Минька и Гринька

Елена Полякова 2
1.
Мишку, или по-домашнему Миньку,  родители отправили в пионерский лагерь. Потому что бабушка не приехала. Обещала приехать летом, а сама… Что-то у неё там важное случилось – то ли подруга юности гостит, то ли и вовсе друг. Короче говоря, бабушка написала письмо, что этим летом у неё нет никакой возможности «пасти» Миньку, потому что он уже парень большой и вполне может поехать в пионерский лагерь.

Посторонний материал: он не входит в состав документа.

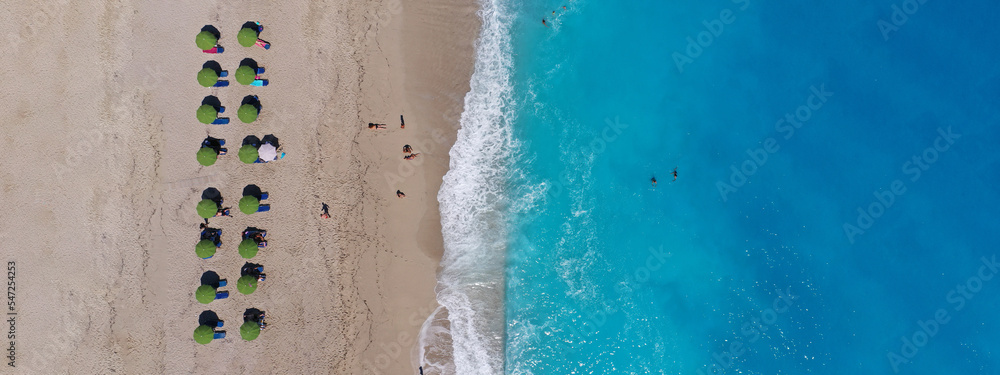 Aerial drone ultra wide panoramic top down photo of famous paradise bay and beach of Kathisma with deep turquoise sea in island of Lefkada, Ionian, Greece Aerial drone ultra wide panoramic top down photo of famous paradise bay and beach of Kathisma with deep turquoise sea in island of Lefkada, Ionian, Greece
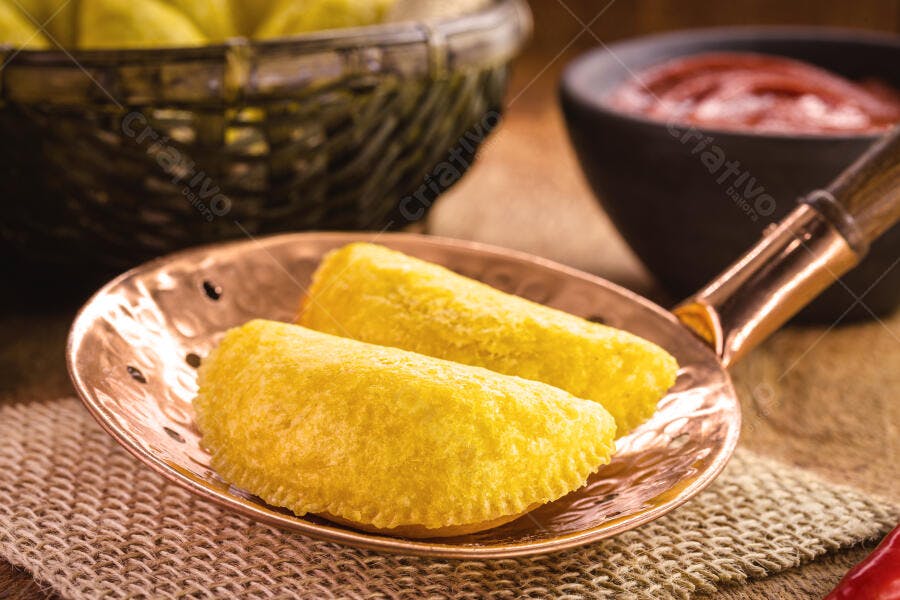 Dois pastéis fritos dourados em frigideira de cobre com molho vermelho e pimenta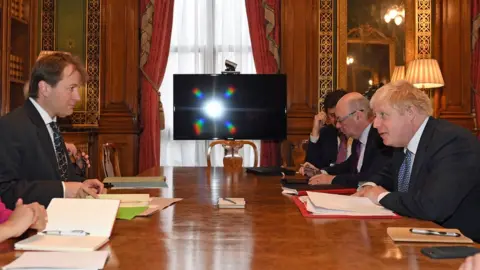 PA Richard Ratcliffe and Boris Johnson at the Commonwealth office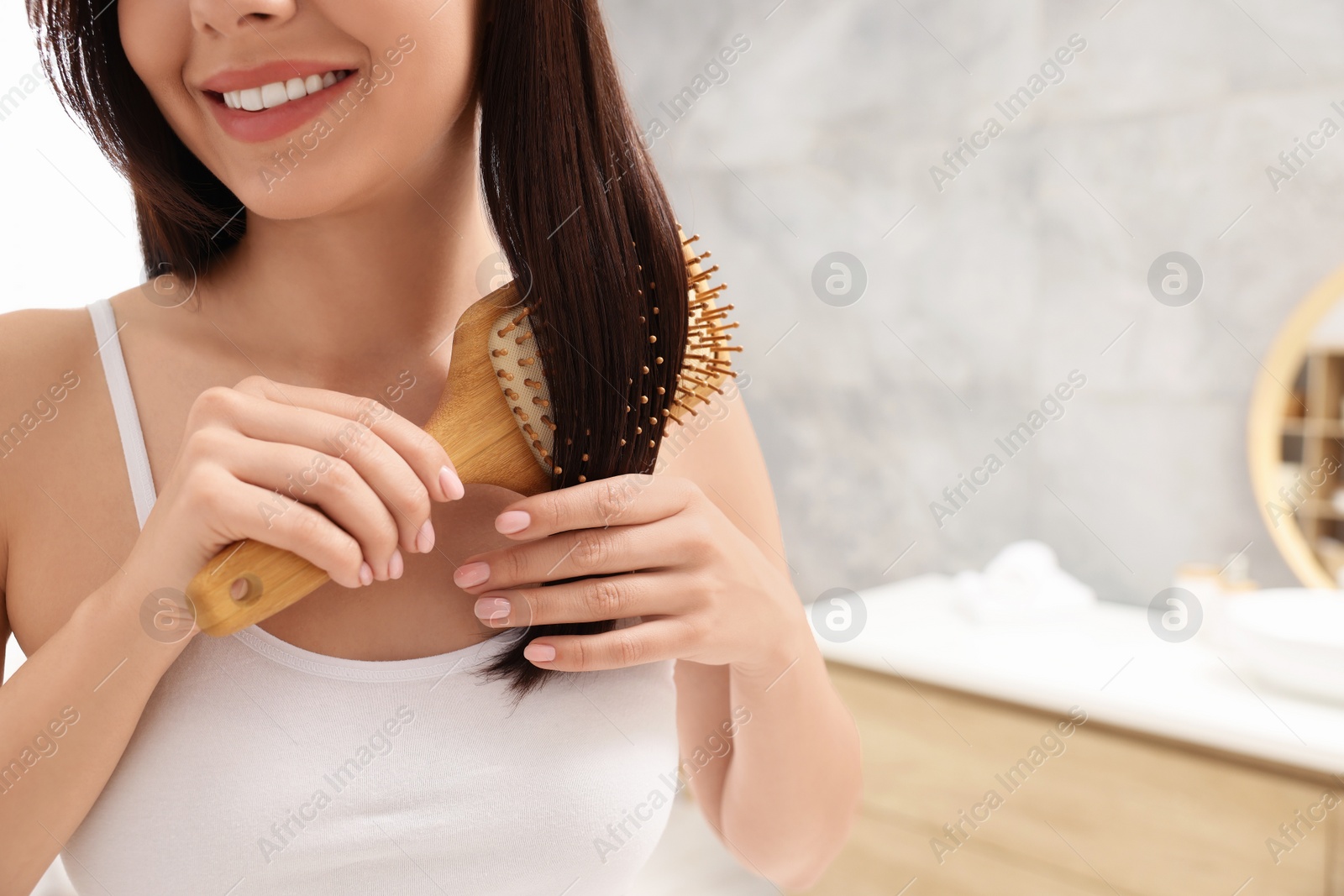 Photo of Woman brushing her hair in bathroom, closeup. Space for text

А мама сказала, что бабушка просто устала каждое лето возиться с Минькой,  и пусть, в самом деле, едет в лагерь, может его там к дисциплине приучат.
- Хм, - сказал папа, – пора бы!

Так Минька на двенадцатом году жизни впервые попал в пионерский лагерь. Лагерь принадлежал заводу, на котором родители его работали. Поэтому и ребят знакомых в лагере было полно.
Поначалу Минька робел, а потом понравилось. И то, что вскакивали все по горну и бежали в одних трусиках на зарядку, и линейки нравились, и даже уборка территории. Все вместе, здорово! Дома-то он был один. Ни брата, ни сестры... И еда в столовой казалась замечательно  вкусной, не то, что дома. И вожатый понравился, Костя. Он с ними в поход ходил с ночёвкой, и костёр они жгли там, в походе, и не спали почти всю ночь. А воспитательница была как раз похожа на  его бабушку, всё хлопотала, все заботилась. Чтобы долго не купались, чтобы спали в «тихий час»,  чтобы  в столовой всё ели, а не капризничали.

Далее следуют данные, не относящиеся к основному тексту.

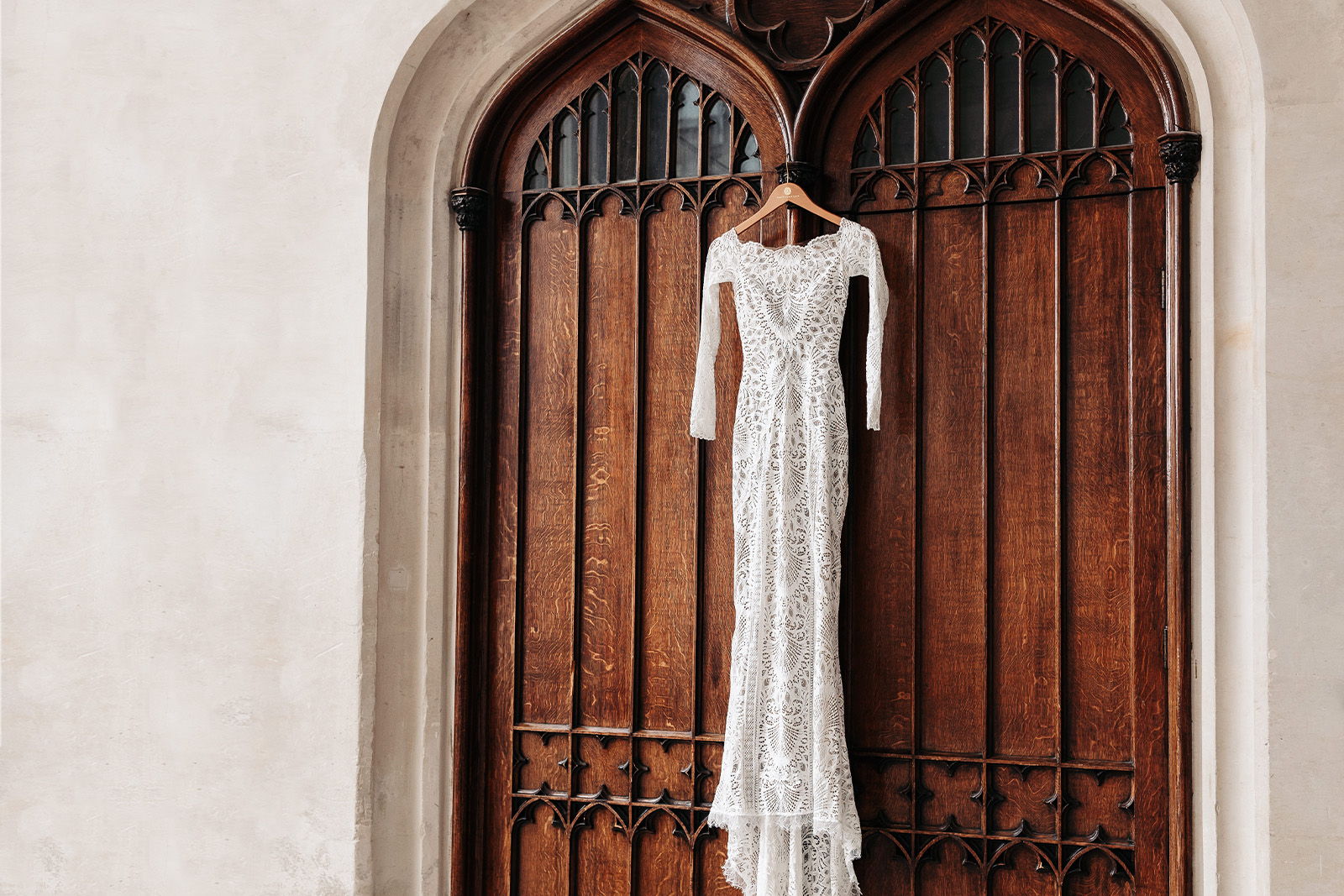 A white wedding dress hanging on a wooden door.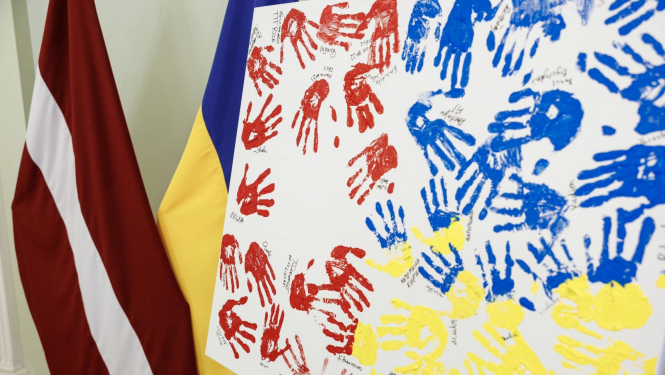 Latvijas un Ukrainas karogi, priekšplānās balts audekls ar krāsā iemērktiem rokas nospiedumiem sarkanā, zilā un dzeltenā krāsā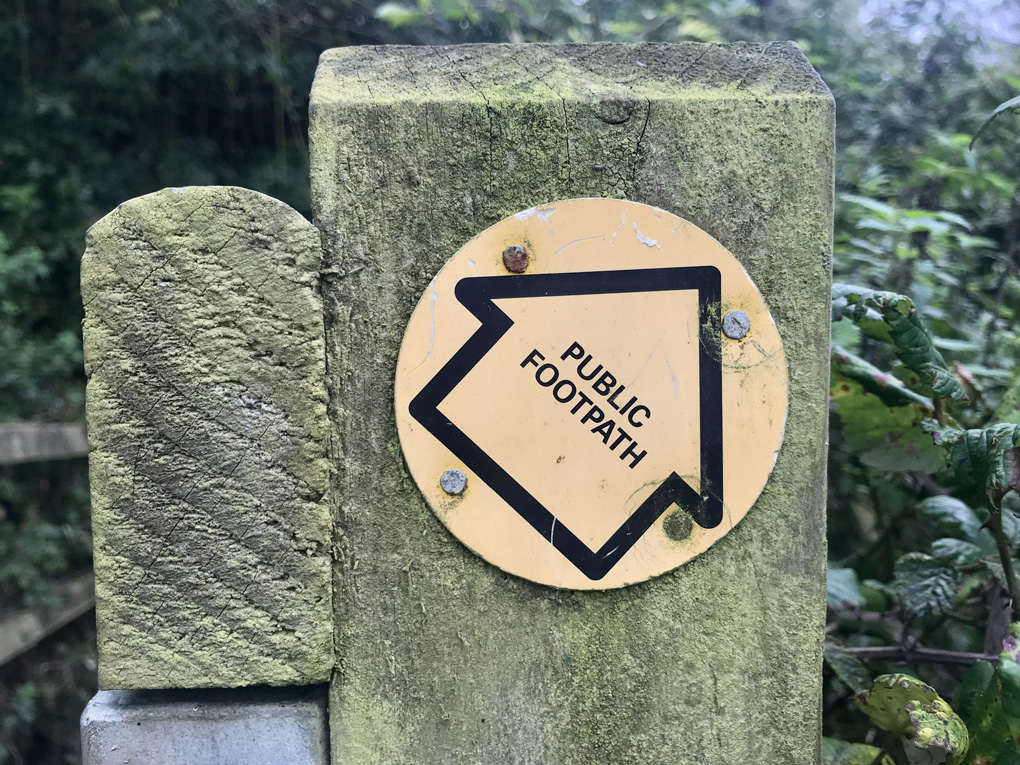 Country fence post with round yellow public footpath sign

А ещё Костя учил их играть в футбол. Ну, не девчонок, конечно, те больше что-то там с воспитательницей Марией Кирилловной из бисера плели.
Костя Миньку в нападающие поставил. А дружка его (новый друг у него там появился, в лагере) Гриньку, на ворота, голкипером, значит. Минька тоже хотел быть голкипером, но Костя сказал, что у Гриньки реакция отменная, а у Миньки – скорость. Костя был студентом, учился в Институте физкультуры. Значит, понимал, что к чему.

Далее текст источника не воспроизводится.